Common Sense Note
Parents should know that, while the blood and gore are left to your imagination in this horror classic, there are numerous stabbings and slayings. And most (though not all) of the victims seem to be sexually active teenagers.
Families can talk about what makes the movie so scary, especially since it doesn't fall back on using gore-makeup effects or fancy, swooping digital camera angles. Parents might point out that director Carpenter pays tribute to the science-fiction classic The Thing (1951), which took a similar straightforward approach to a homicidal space monster (and somehow avoided sex-minded teenagers and curse words in the process).
Common Sense Review
Reviewed By: Charles Cassady, Jr.
If critics could send a Terminator robot back in time to destroy a movie at the film-processing lab, all because of the countless trashy ripoffs and imitations it would inspire, HALLOWEEN would probably be the main target.

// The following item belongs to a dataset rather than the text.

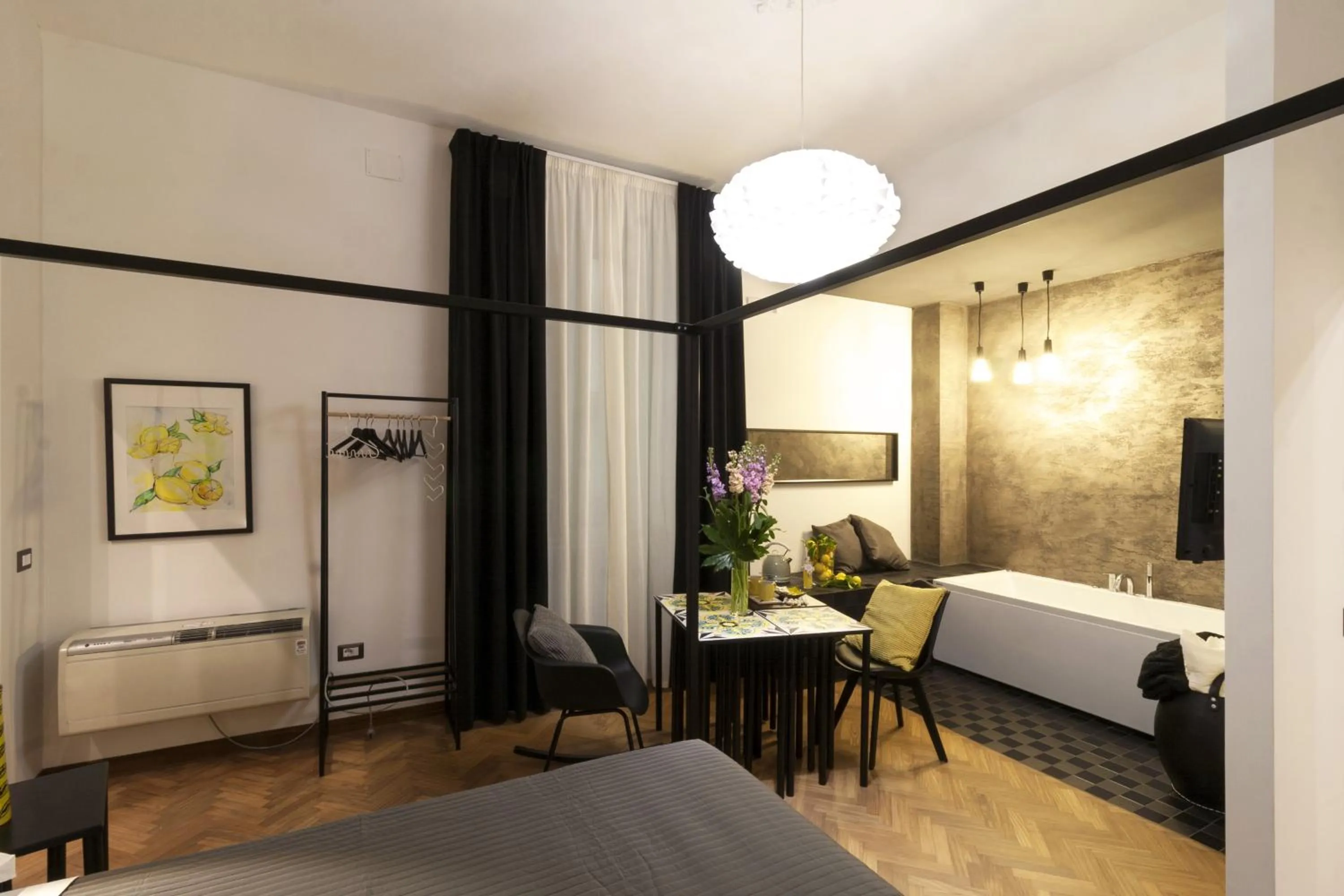 Property logo or sign, Bed in Limoncello Rooms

Made for just under a half a million bucks by then-largely unknown director John Carpenter, the simply plotted shocker was a worldwide hit that inspired a plague of trashy lookalikes for years afterward (especially the entire Friday the 13th series), in which undifferentiated maniacs slashed into sex- and prank-crazed teenagers.
But many critics hail the original Halloween as a masterpiece, and it earned Carpenter a reputation as the new Alfred Hitchcock (maybe Orson Welles is more accurate, since Carpenter has never been quite able to make as big a hit again).

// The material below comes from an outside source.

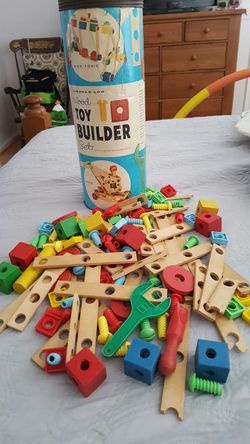 Vintage Lincoln Log wood Toy Builder set PLAYSKOOL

Halloween may be saddled with some unneccesary R-rated elements, but it still provides frightening moments with more taste and subtlety (you rarely ever see any blood -- you just think you do) than its imitators. Like Hitchcock, Carpenter has an innate sense of exactly where to put the camera, how to light a scene, and what to have going on in the frame to make you shudder and jump. His use of careful silences and the sudden bursts of his now-famous pulsating electronic musical score are especially unnerving and effective.
The minimalist plot begins on Halloween in the small town of Haddonfield, Ill., in 1963, with a sequence (made to appear like one long, continuous shot) shown from the point-of-view of a marauder, Michael Myers, who stalks and kills his own sister after she has sex with her boyfriend. When Carpenter's camera cuts away, we get the chilling revelation that Michael is just a little boy.
Or maybe not. After the opening scene, the plot picks up again 15 years later, when Michael's psychiatrist, Dr. Loomis (Donald Pleasence) finds that the now-adult murderer, long catatonic, has escaped from the asylum on the anniversary of the murder. Dr. Loomis (whose obsession with Michael is like Ahab and Moby Dick) declares that Michael is heading to Haddonfield to kill again.
He's right, and viewers soon see Michael -- only a vaguely glimpsed figure for most of the movie -- lurking around the suburban streets adjacent to the long-vacated Myers house. Apparently just because one of them jeered at him from the sidewalk, Michael fixates on three high school girls who are looking forward to hot dates and a horror-movie marathon on trick-or-treat night -- all except for bookish Laurie (Jamie Lee Curtis), who has to babysit. While Loomis leads a skeptical sheriff around town in search of Michael, the killer gets to the schoolmates, one by one, until he's left with just Laurie, who's like Sigourney Weaver in Alien, terrified but resourceful enough to fight back. (Of course, she's not caught unawares in bed with a boyfriend, either.)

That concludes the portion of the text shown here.